### Brief
Repeat what the lines below say, word for word, and skip every image.

### Data provided
******************************

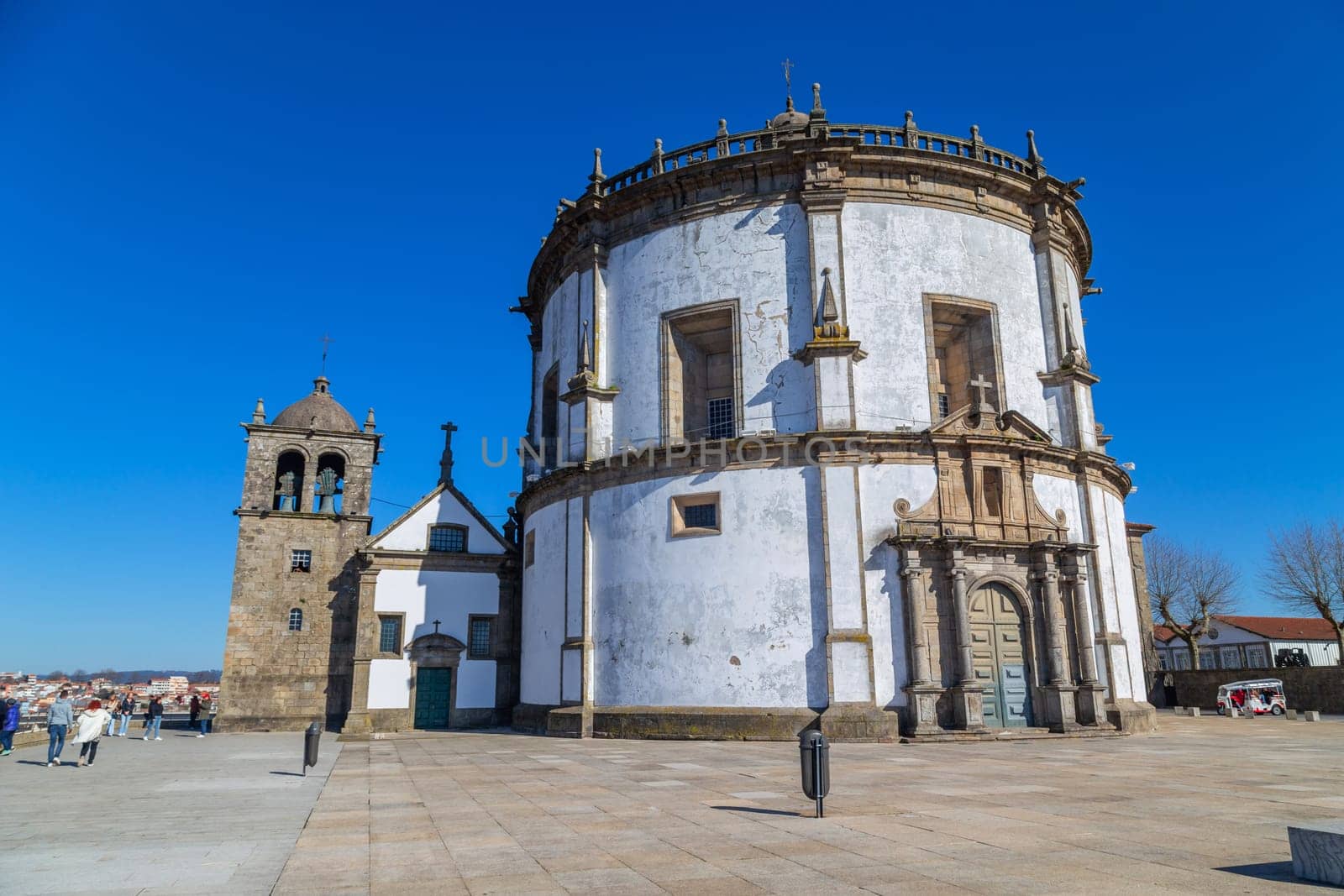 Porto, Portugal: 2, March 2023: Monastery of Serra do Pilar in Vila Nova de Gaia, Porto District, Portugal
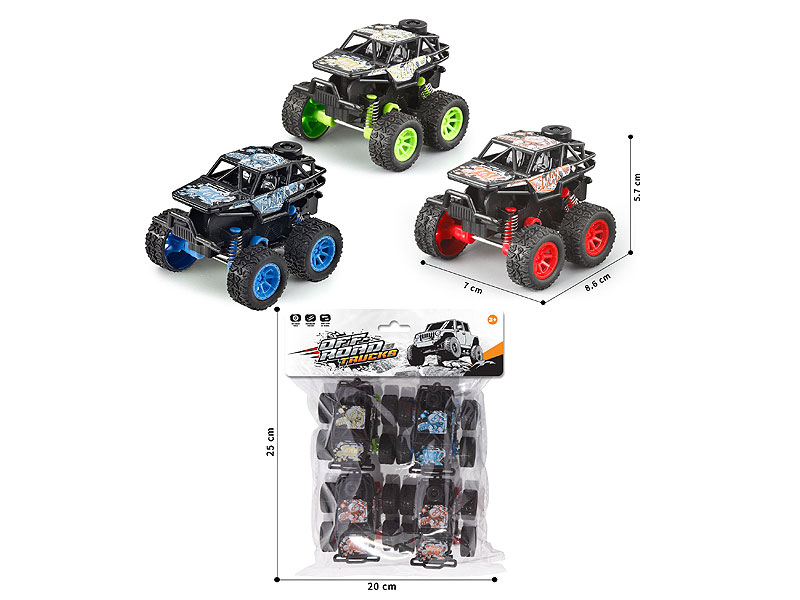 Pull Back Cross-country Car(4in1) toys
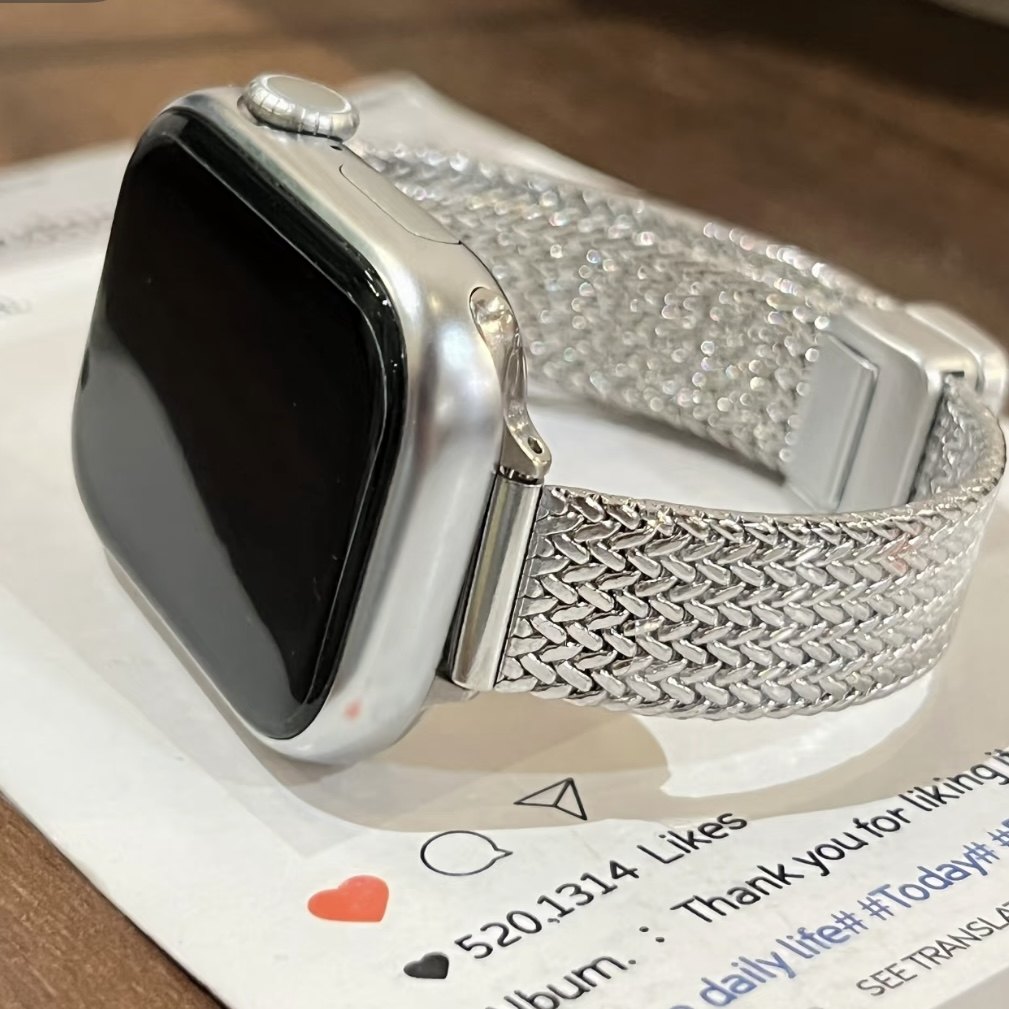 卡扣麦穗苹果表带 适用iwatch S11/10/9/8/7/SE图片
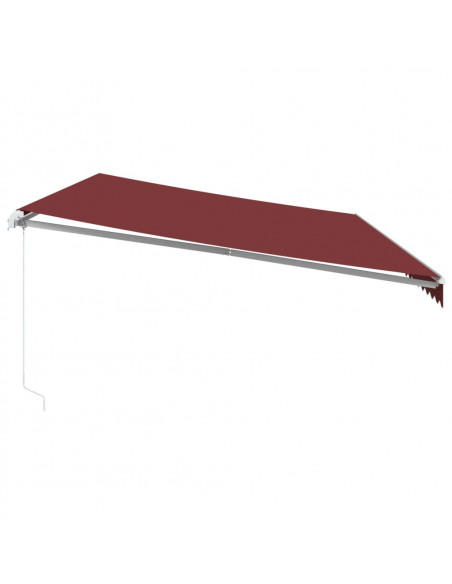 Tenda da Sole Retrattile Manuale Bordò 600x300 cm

******************************

### Task solution
 Porto, Portugal: 2, March 2023: Monastery of Serra do Pilar in Vila Nova de Gaia, Porto District, Portugal
 Pull Back Cross-country Car(4in1) toys
 卡扣麦穗苹果表带 适用iwatch S11/10/9/8/7/SE图片
 Tenda da Sole Retrattile Manuale Bordò 600x300 cm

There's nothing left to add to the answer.